Ozman söyle o bilme ölüme çare bulsun bulabilirmi?
bizi tanrı değil bilim kurtaracak sözünde yatan gerçek nedir?

burada dikkat edilmesi gereken vurgu bilim veya din değildir. burada dikkat edilmesi gereken vurgu akıl ve zekadır.
bir din inancı taşıyın veya taşımayın, bir ahlak ve etik değeriniz olsun, bir kimlik aidiyet duygunuz olsun ya da olmasın, mesleki bir yeterliliğiniz eğitimiz olsun, bir anne-baba aile reisi olun, bir siyasi ideoloji görüşünüz olsun olmasın vs. vs vs...
tüm bu değerler bir tek gerçek üzerine bina edilir ki bu gerçek de akıldır, zekadır.

daha basit olarak açıklamak gerekirse; ister bilim ister din iman deyin bu değerleri anlamlı kılan ve bu değerlere sahip olmanız için gereken tek şey akıl ile zekadır.
akıl ve zekanız yetersiz ise yol ortasına işeyebilir market içinde sıçabilirsiniz. size böyle davranıyorsunuz diye ne şeri hukuk ne seküler hukuk ceza veremez (tabi ki zekanız aklınız yaptığınız davranışın doğuracağı yaptırımı algılamaya müsait değil ise) hiç bir hakim/yargıç, hiç bir tanrı sizi suçlu diye cezalandıramaz. hakimler/yargıçlar ve tanrı/tanrılar (dinler) senin gibi davranıp "buraya işenir mi sıçılır mı penisini insan içinde çıkarıyorsun" diye bunu yapan kişiye kızmaz tepki göstermez müdahil olup cezalandırma-şiddete baş vurma yoluna gitmez.
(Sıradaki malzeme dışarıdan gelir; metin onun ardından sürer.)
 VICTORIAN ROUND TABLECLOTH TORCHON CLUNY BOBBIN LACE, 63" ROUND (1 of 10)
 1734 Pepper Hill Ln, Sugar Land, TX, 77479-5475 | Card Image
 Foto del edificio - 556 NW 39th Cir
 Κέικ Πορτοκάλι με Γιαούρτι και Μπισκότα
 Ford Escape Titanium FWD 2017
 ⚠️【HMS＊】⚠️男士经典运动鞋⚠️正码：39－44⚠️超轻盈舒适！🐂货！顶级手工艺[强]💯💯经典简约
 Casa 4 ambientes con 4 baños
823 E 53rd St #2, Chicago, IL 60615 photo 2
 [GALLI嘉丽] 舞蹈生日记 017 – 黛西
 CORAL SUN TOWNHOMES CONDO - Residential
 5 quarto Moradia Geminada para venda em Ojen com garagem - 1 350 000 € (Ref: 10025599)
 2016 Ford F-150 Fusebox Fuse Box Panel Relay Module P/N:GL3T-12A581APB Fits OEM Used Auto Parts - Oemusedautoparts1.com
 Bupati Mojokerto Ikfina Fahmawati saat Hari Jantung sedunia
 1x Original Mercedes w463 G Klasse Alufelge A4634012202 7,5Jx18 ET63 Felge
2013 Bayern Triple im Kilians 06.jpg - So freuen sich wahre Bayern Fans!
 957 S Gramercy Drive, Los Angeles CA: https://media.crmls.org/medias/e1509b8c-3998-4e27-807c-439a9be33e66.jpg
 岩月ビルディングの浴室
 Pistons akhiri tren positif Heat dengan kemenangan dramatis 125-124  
hangi hukuk olursa olsun hukuk tutkulardan arınmış mantık olarak değerlendirilir. tutkularınızı işler hale getiren biçimlendiren akıl ve zekadır. eğer akıl ve zekanız sizi biçimlendirmede yetersiz ise tutkularız olarak bir atomu parçaladığınız zaman bundan atom bombası yaparsınız. tıpkı çişiniz geldiğinde tuvalete gitmek yerine aklınız zekanız size taksim meydanında cami duvarına işettiği gibi...
ne yani, atomu parçalayan insan akılsız mı zekası yetersiz mi oluyor?

akıl ve zeka sizi insan yapan ve de diğer canlılardan ayıran özelliğiniz olan ahlak, etik kuralları şekillendirir.
sizi milletin parasını dolandıran ünlü bir hırsız yapan da, sizi toplumun devletin insanların yararına çalışan yatırım istihdam yaratan bir iş adamı girişimci de yapan zekanızdır ama yaptığınızın utanılacak/övünülecek şey olmasını belirleyen etken akıl ve zekanızın oluşturduğu etik ve ahlak değerlerdir.

işte akıl ve zekanızın parçaladığı atomun bir bomba olup insanları yaşamı yok eden bir silah olmasına veya insanların yaşamın yararına kullanılan bir enerji olmasını belirlemek için ahlak etik ve din kuralları oluşmuştur.
bir yerde akıl ve zekanın emniyet pimidir ahlak etik ve din değerleri.
tüm bu ahlak etik değerler din akıl zeka (bilim) hepsini bir ringe çıkarmak boks maçı yaptıran bir organizatör gibi davranmak tüm bu değerlerin ne olduğunu neden var olduğunu bilmemenin veya bilip de kötü niyetin yansıması olması gerek.